Application to withdrawing persons accruing multiple service

19   Where

                                 (a)    subsections (2) and (4) or subsection (5) of section 12 apply, or

                                 (b)    any other similar circumstances that give rise to doubt as to a person’s pension coverage or potential coverage under this Part arise,

any apportionment or other separation or division that needs to be done under this Part as between the Plan and the other plan or plans or between the other plans must be done on a basis that is approved by the Board and that most closely reflects the overall intent of this Part.

Indemnification

20(1)  The withdrawing employer and the legal owners of the pension fund of the other plan indemnify

                                 (a)    the Board and the members of the Board for any damages or legal and other expenses incurred in defending any claim against the Board or any Board member that arises directly or indirectly from the withdrawal, and

                                 (b)    the plan fund and the Plan’s administrator and trustee for any claims made by any person that arise directly or indirectly from the withdrawal.

(2)  Subject to subsection (1), an indemnification by subsection (1)(a) covers anything done by the Board or Board member, as the case may be, in good faith in the exercise of powers, duties and functions under section 14 of the Act Schedule or this Part.

(3)  To the extent permissible by law, any liability under an indemnity under this section by the other pension fund’s legal owners is to be met from that pension fund itself.

(4)  To the extent permissible by law, any liability in respect of the withdrawal effected by Order in Council numbered O.C. 533/2000 under an indemnity under this section by the other pension fund’s legal owners is to be met from that pension fund itself.

Agreement to alter time limits

21   Notwithstanding anything in this Part, where a provision of this Part requires anything to be done within a certain period or by a specified time prior to the time of withdrawal, the Minister, the Board and the withdrawing employer may enter into a written agreement altering the time before which that thing must be done.

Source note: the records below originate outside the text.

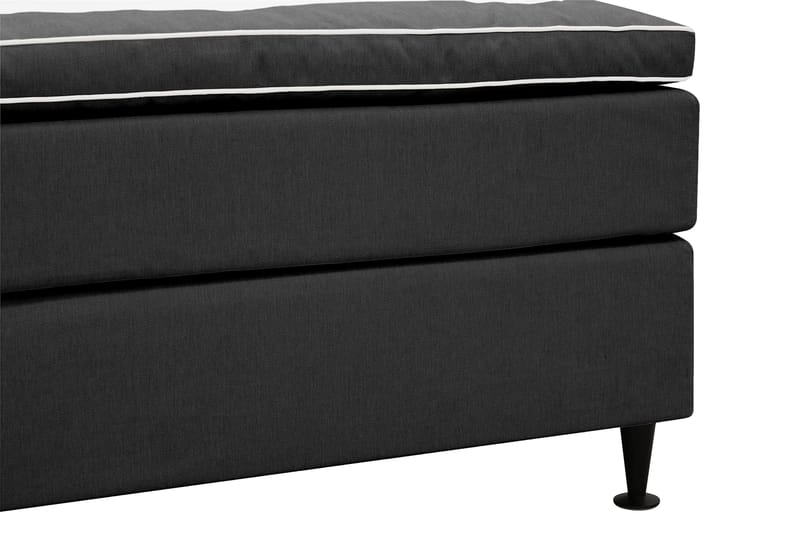 HVILA Plus komplet sengesæt 160x200 cm - Antracit - Møbler - Senge - Komplet sengepakke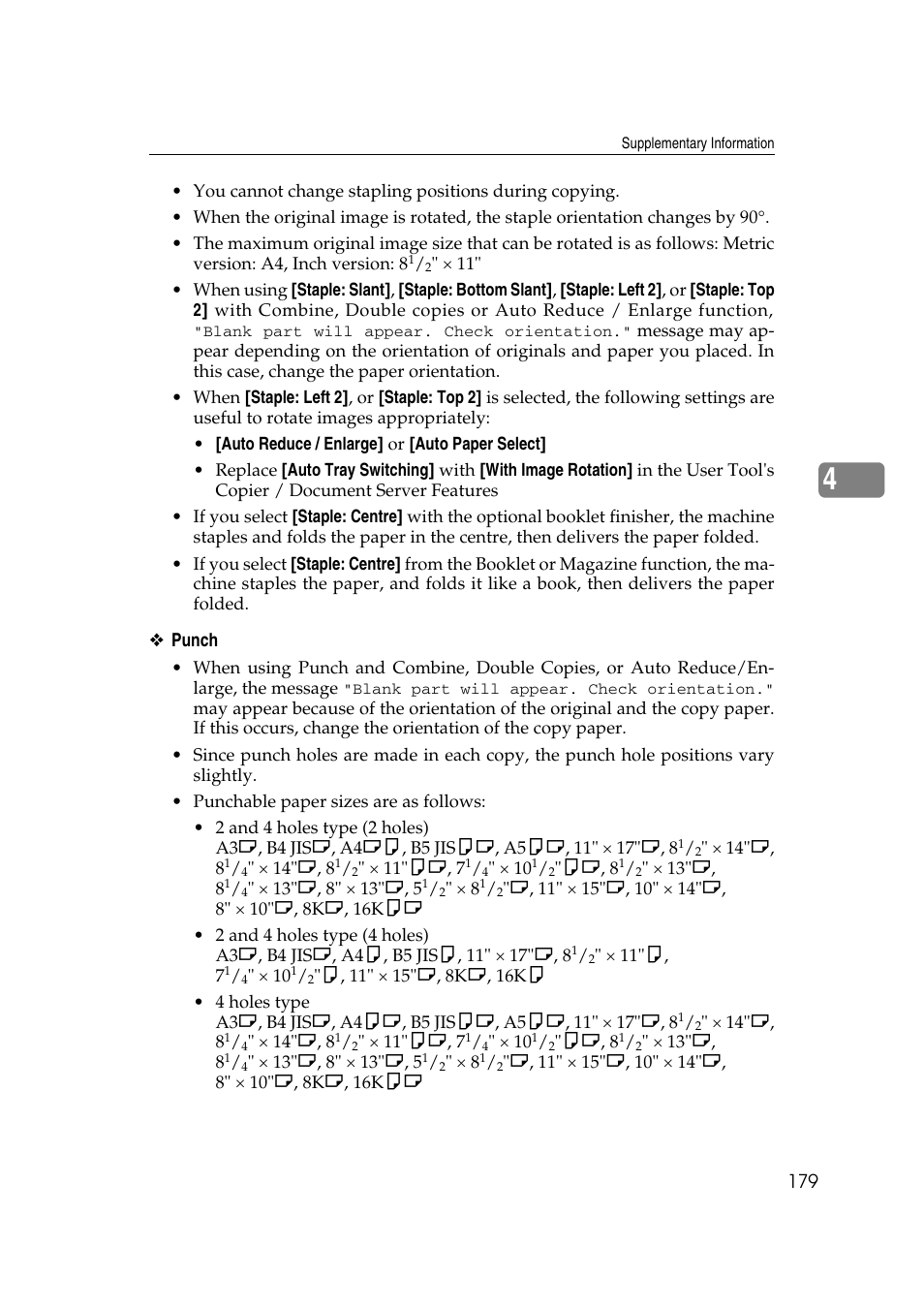 Ricoh Aficio MP C3500 User Manual | Page 203 / 212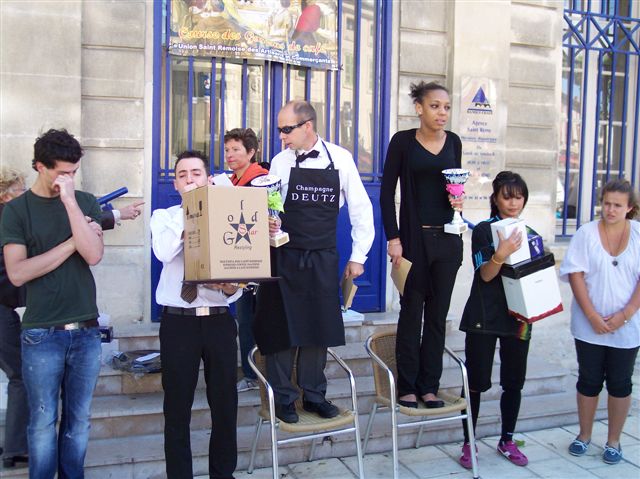 Course de garçons Saint Remy de Provence 2011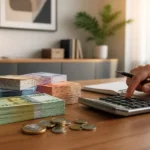 Calcul financier et piles dargent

Transfer of records and documents

23   As soon as is practicable, the Minister shall transfer to the administrator of the other plan, at the withdrawing employer’s cost, those documents and records that the Minister holds as the administrator of the Plan, that pertain to withdrawing persons and that are needed for the administration of the other plan.

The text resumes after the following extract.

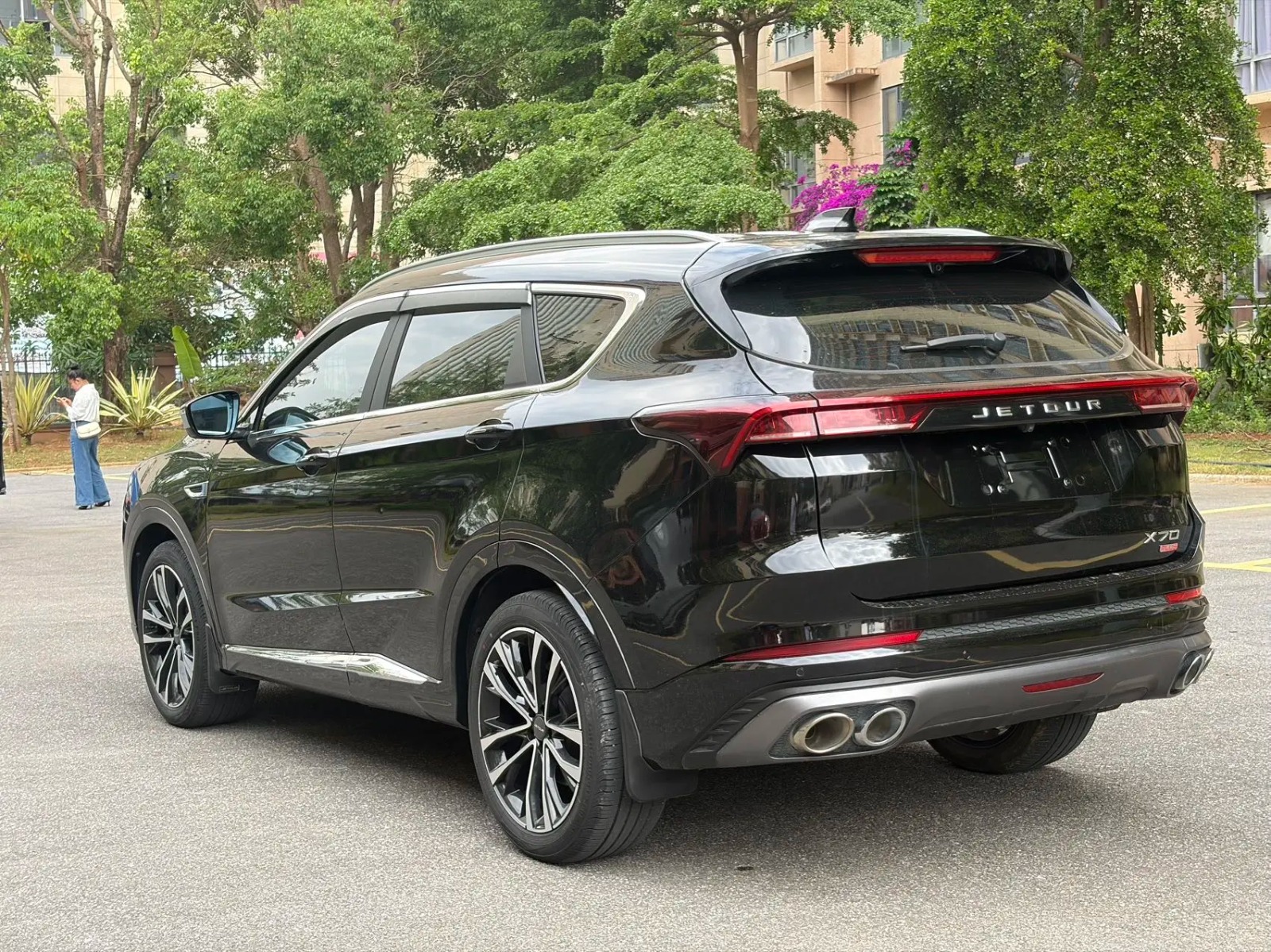 Jetour 2021 X70 PLUS
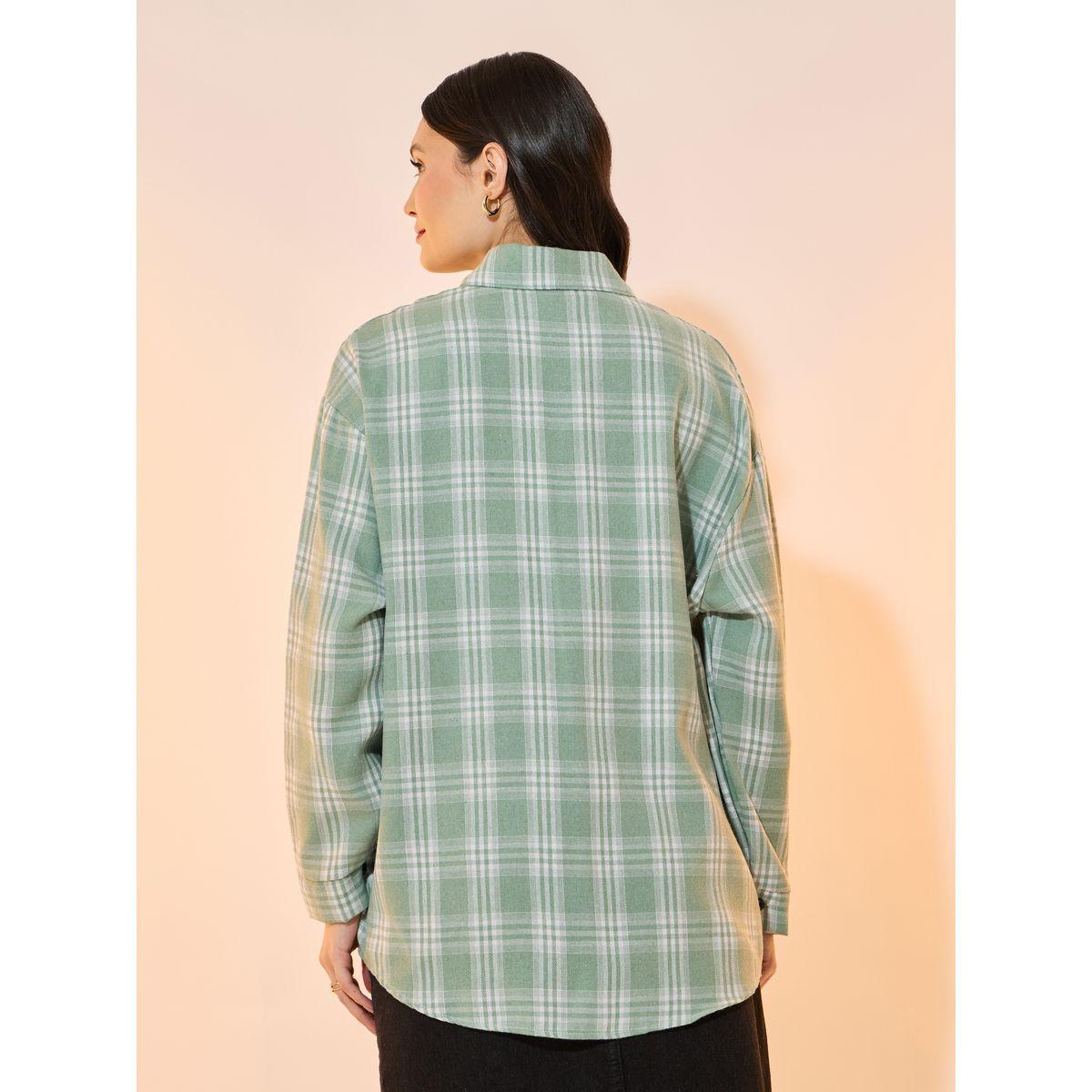 Take Two Checked Long Sleeve Oversized Shirt-women-clothing-shirtsandblouses-shirts-image-5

References in matrimonial property orders

24   Where there is a reference to the Plan in a matrimonial property order in respect of a withdrawing person, that reference is to be treated, with effect from the time of withdrawal, as a reference to the other plan.

Part 3
Withdrawal of Telus Edmonton ‑
Continuing Provisions

Application

25   Without limiting the effect of section 35 of the Interpretation Act, TELUS Edmonton’s having withdrawn from participation in and ceased to be an employer for the purposes of the Plan at the end of 1997 and a portion of the Plan’s liabilities and assets having been transferred to the other plan pursuant to section 14.1 of the Act Schedule, this Part contains provisions respecting its withdrawal that continue in effect.

General definitions

26   In this Part,

                                 (a)    “other plan” means a registered pension plan, other than the Plan, to which the Pension Benefits Standards Act, 1985 (Canada) applies;

                                 (b)    “TELUS Edmonton” means any or all of the corporations individually and collectively referred to as “TELUS Edmonton” in section 116.1 of the plan rules (expired), and includes its or their successors;

                                 (c)    “this Part” includes the provisions of this Part as it was before its repeal and replacement in 2001;

                                 (d)    “withdrawal” means the withdrawal of TELUS Edmonton from the Plan under section 14.1 of the Act Schedule and this Part and includes the consequential transfer of a portion of the liabilities and assets of the Plan under those provisions.

Indemnification

27(1)  TELUS Edmonton and the legal owner of the pension fund of the other plan indemnify

                                 (a)    the Board and the members of the Board for any damages or legal and other expenses incurred in defending any claim against the Board or any Board member that arises directly or indirectly from the withdrawal, and

                                 (b)    the plan fund and the Plan’s administrator and trustee for any claims made by any person that arises directly or indirectly from the withdrawal.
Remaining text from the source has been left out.